Compiler news

1,900 word wall-of-text incoming…

I returned to CoolBasic project after three months of learning XNA 3D game programming, and have been continuing to develop the CoolBasic Classic compiler for the last two weeks. Although the main focus has been with the compiler I also designed a new look & feel for the web portal, and it’s being reviewed by the rest of the Team. This entry, however, will be all about the compiler and what’s been done recently.

Can it produce byte code yet? Yes, to some extent. The underlying mechanics are in place, but nothing is written to any file yet. Basically, it can process expressions. This includes (but is not limited to) calculating the result value of a constant expression, resolving names (i.e. mapping the identifier names to their declared symbols), function overload resolution, automatic type conversions, and filling in the missing arguments for optional function parameters. A lot of thought has been put to optimize performance here. In fact, all those things mentioned above are done in a single iteration over the postfix presentation of the expression. I had to inspect how the .NET framework internally works with arrays, stacks, lists, and type conversion to make sure my algorithms were efficient enough. I actually ended up writing a few own implementations for those highly specialized cases I needed (where the framework equivalent would allocate memory in an inefficient way or do more work than needed, for example).

I’m about to go technical…

Expression pre-evaluation
Where I left off before my XNA experimentations, was the constant expression pre-evaluation. This is when the actual expression processor needs to be implemented. You first convert the expression into postfix notation and then evaluate it. Naturally constant expressions can contain constant symbols as well, so a circular reference safety check exists. Identifier names are resolved during evaluation because we need to know the data type of each value in order to determine the final data type and the ultimate value in case of a constant expression.

The expression processor is a single method any statement or symbol processor can call. Therefore we don’t know whether the expression is a constant expression or not (i.e. whether its value can be fully pre-calculated). When a symbol is encountered the first time, it will be “processed” (as in a constant symbol’s value needs to be known before it can be used in other expressions). Since the expression processor can be called by a function symbol’s own processor, in order to pre-evaluate optional parameters’ values, a circular reference safety check must exist for functions as well.

The constant symbol and parameter symbol processors simply check whether the result value was a constant and give an error if it isn’t. In addition, before the pre-evaluated value is assigned to a constant symbol or parameter symbol, it’s converted to the destination data type. I had to write my own optimized routines for this because the .NET framework is clearly a bit too slow with anything<-->string. And I learned how much pain in the ass it can be to convert a double value to string (just have a look at dtoa.c to get the idea) – I ended up implementing a much simpler algorithm for that conversion.

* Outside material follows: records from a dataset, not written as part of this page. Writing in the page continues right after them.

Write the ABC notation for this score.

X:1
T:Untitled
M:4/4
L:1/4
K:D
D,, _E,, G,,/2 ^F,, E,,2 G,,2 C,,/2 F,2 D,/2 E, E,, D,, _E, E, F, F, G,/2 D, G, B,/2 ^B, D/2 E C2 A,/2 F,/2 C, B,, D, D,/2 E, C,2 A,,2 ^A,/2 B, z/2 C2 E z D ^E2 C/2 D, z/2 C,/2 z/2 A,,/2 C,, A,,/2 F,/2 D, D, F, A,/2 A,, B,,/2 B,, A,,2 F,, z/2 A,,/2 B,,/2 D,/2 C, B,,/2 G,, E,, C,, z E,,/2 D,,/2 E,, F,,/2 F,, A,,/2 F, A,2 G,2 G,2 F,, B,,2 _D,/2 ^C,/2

Even though constant value expressions are fully pre-calculated, I plan to add an expression simplifier for non-constant expressions as well in the future. It would basically turn expressions like a+b+2*20-c into a+b-c+40. However, this is a very difficult topic that will need much research in terms of grouping and ordering analysis, and I simply don’t want to be held back because of it (even though I have a partial implementation of it in the V3 compiler already). I don’t see it that important at the moment (in order to get this thing out someday I’ll leave it for now).

Name resolution
The expression is processed once token by token. Each encountered identifier is resolved by its name. This process is called name resolution. I have three special resolvers: Type resolver, Symbol resolver, and Overload resolver. The type resolver is called by a symbol processor (each symbol is validated by its own processor). A symbol processor exists for all symbol types. Most symbol processors resolve the associated data type, but some do additional work such as constant symbol processor who calls the expression processor in order to cache the pre-calculated value. The type resolver is the simplest one: since all type symbols must be declared in the root scope we can direct the search to that to begin with, and also only look for symbols classified as Type.

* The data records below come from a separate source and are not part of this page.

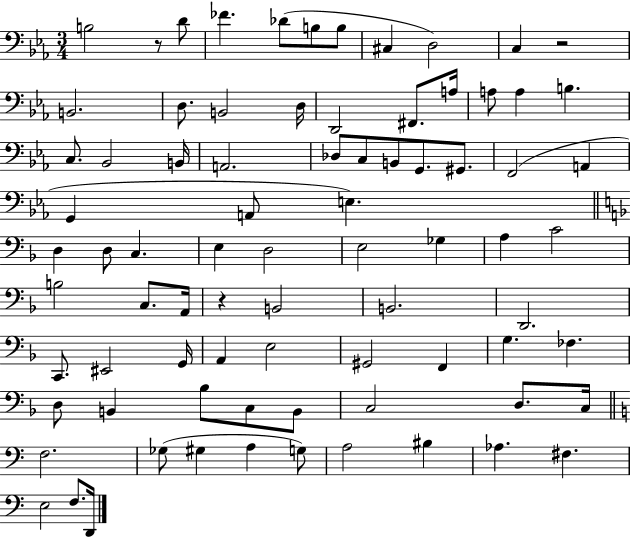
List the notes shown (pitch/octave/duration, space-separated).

B3/h R/e D4/e FES4/q. Db4/e B3/e B3/e C#3/q D3/h C3/q R/h B2/h. D3/e. B2/h D3/s D2/h F#2/e. A3/s A3/e A3/q B3/q. C3/e. Bb2/h B2/s A2/h. Db3/e C3/e B2/e G2/e. G#2/e. F2/h A2/q G2/q A2/e E3/q. D3/q D3/e C3/q. E3/q D3/h E3/h Gb3/q A3/q C4/h B3/h C3/e. A2/s R/q B2/h B2/h. D2/h. C2/e. EIS2/h G2/s A2/q E3/h G#2/h F2/q G3/q. FES3/q. D3/e B2/q Bb3/e C3/e B2/e C3/h D3/e. C3/s F3/h. Gb3/e G#3/q A3/q G3/e A3/h BIS3/q Ab3/q. F#3/q. E3/h F3/e. D2/s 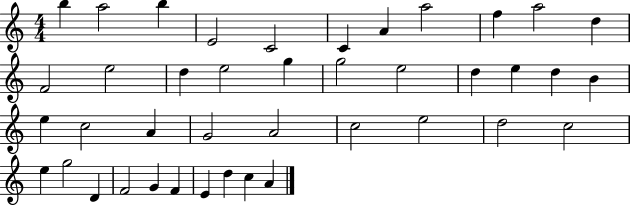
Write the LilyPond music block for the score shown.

{
  \clef treble
  \numericTimeSignature
  \time 4/4
  \key c \major
  b''4 a''2 b''4 | e'2 c'2 | c'4 a'4 a''2 | f''4 a''2 d''4 | \break f'2 e''2 | d''4 e''2 g''4 | g''2 e''2 | d''4 e''4 d''4 b'4 | \break e''4 c''2 a'4 | g'2 a'2 | c''2 e''2 | d''2 c''2 | \break e''4 g''2 d'4 | f'2 g'4 f'4 | e'4 d''4 c''4 a'4 | \bar "|."
} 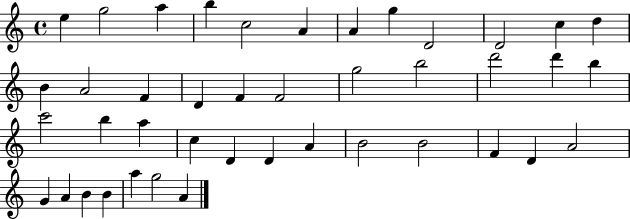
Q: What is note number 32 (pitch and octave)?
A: B4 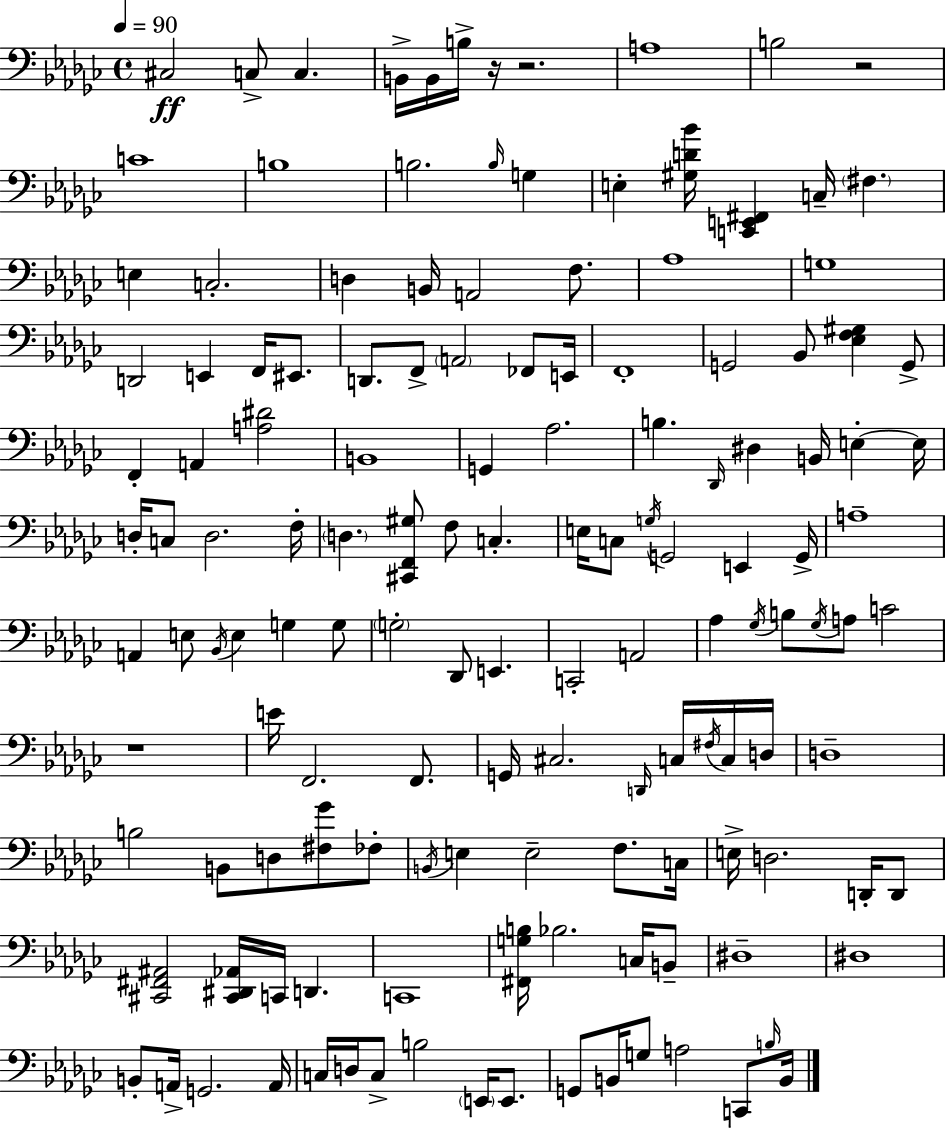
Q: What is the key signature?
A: EES minor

The identifier resolver is a tad more complex. It is told the context symbol and/or scope and whether the search should be locked to that context only or should it also be extended to upper levels if the name is not found immediately (one example of a locked context would be the dot notation path “a.b.c”). Unlocked search is recursive. In CoolBasic Classic, the main program exists in root scope, but it is not the root symbol; the Global symbol is the ultimate root node of the symbol tree, and all imported framework/engine functions such as LoadImage or MoveObject exist there. This means that you can override them by defining your own functions with the same name. The reason we tell the resolver both the context symbol and scope is that, for example, functions’ parameters don’t have scope during optional expression evaluation. In order to access constant symbols defined in the main program’s context, the search needs to get one symbol level up instead of scope level. Furthermore, functions’ local scopes are isolated from the main program (for obvious reasons), and local identifier, a variable or constant, name resolution cannot therefore access the main program’s base scope’s local variables and constants.

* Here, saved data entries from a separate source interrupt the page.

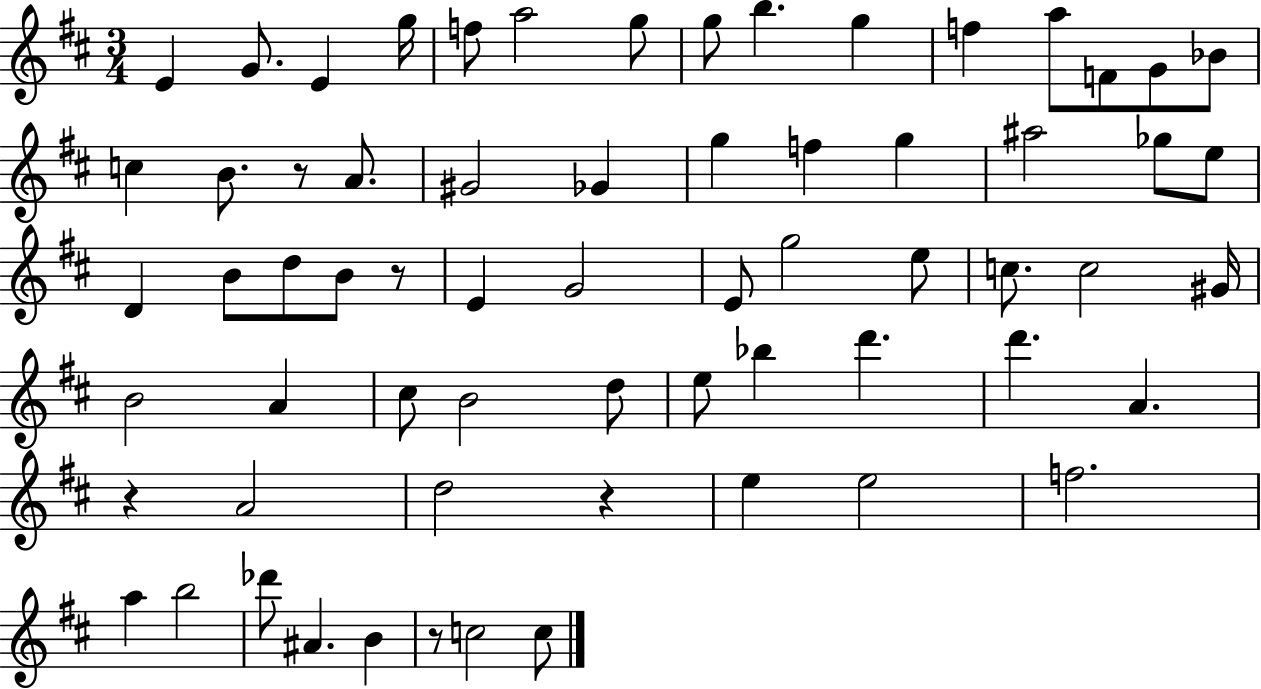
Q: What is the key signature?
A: D major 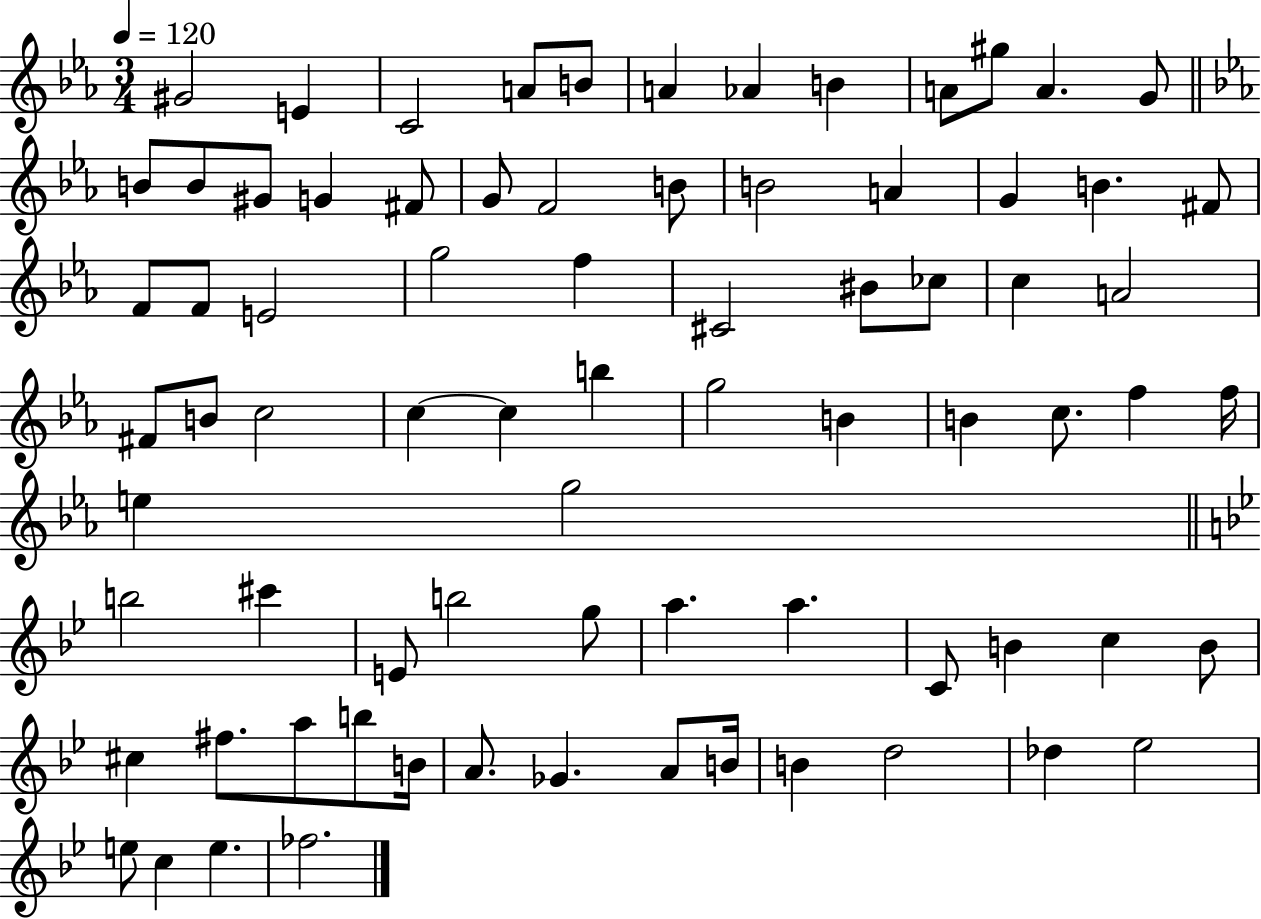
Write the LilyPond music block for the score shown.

{
  \clef treble
  \numericTimeSignature
  \time 3/4
  \key ees \major
  \tempo 4 = 120
  \repeat volta 2 { gis'2 e'4 | c'2 a'8 b'8 | a'4 aes'4 b'4 | a'8 gis''8 a'4. g'8 | \break \bar "||" \break \key ees \major b'8 b'8 gis'8 g'4 fis'8 | g'8 f'2 b'8 | b'2 a'4 | g'4 b'4. fis'8 | \break f'8 f'8 e'2 | g''2 f''4 | cis'2 bis'8 ces''8 | c''4 a'2 | \break fis'8 b'8 c''2 | c''4~~ c''4 b''4 | g''2 b'4 | b'4 c''8. f''4 f''16 | \break e''4 g''2 | \bar "||" \break \key bes \major b''2 cis'''4 | e'8 b''2 g''8 | a''4. a''4. | c'8 b'4 c''4 b'8 | \break cis''4 fis''8. a''8 b''8 b'16 | a'8. ges'4. a'8 b'16 | b'4 d''2 | des''4 ees''2 | \break e''8 c''4 e''4. | fes''2. | } \bar "|."
}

The overload resolution is an interesting one. First of all, name resolution has already succeeded on a function group symbol. Yes, we now have an extra container for all functions of the same name. It stores all overloads of that function. All we need to do is to pick the right overload and map the identifier to its symbol. So we pass a snapshot of the calculation stack to the overload resolver, and based on the data types of those values, the most appropriate overload is chosen. This means that you could have two functions of the same name, say Abs (like ‘absolute value’) that takes and returns an integer, and one that takes and returns a float. The compiler would then pick the right one based on the context in the expression, avoiding unnecessary casting and loss of precision due to choosing the wrong one. Should there be more than one equally qualified overload candidates, an error is generated. Should there be no qualified overloads at all, an error is also generated.

Completing expressions
Now what’s really new here is the injection system. It allows the addition of tokens in the middle of the token list without causing “memory move” operations like List.Insert() does (and yet we’re not operating with a linked list here – it’s not efficient enough in .NET, and I want to avoid the memory overhead generated by it). Omitted arguments for those function parameters classified as “optional” are a good example of injected tokens. But the feature also has one other very important use, for we’re also injecting type conversion tokens. This works with intrinsic data types (integer, float and string). Whenever a value of the wrong type is provided, CoolBasic Classic will try to convert the value to the correct destination type. For example, if you provide array indices as floats, they’ll be automatically converted to integers. Similarly, the function overload resolver tells back which values need to be converted and to which intrinsic data type.

We’ll probably be adding explicit type conversion operators to the language at some point as well; we’re just not sure about their naming yet. Just don’t be disappointed if you don’t see them in the first alpha or beta.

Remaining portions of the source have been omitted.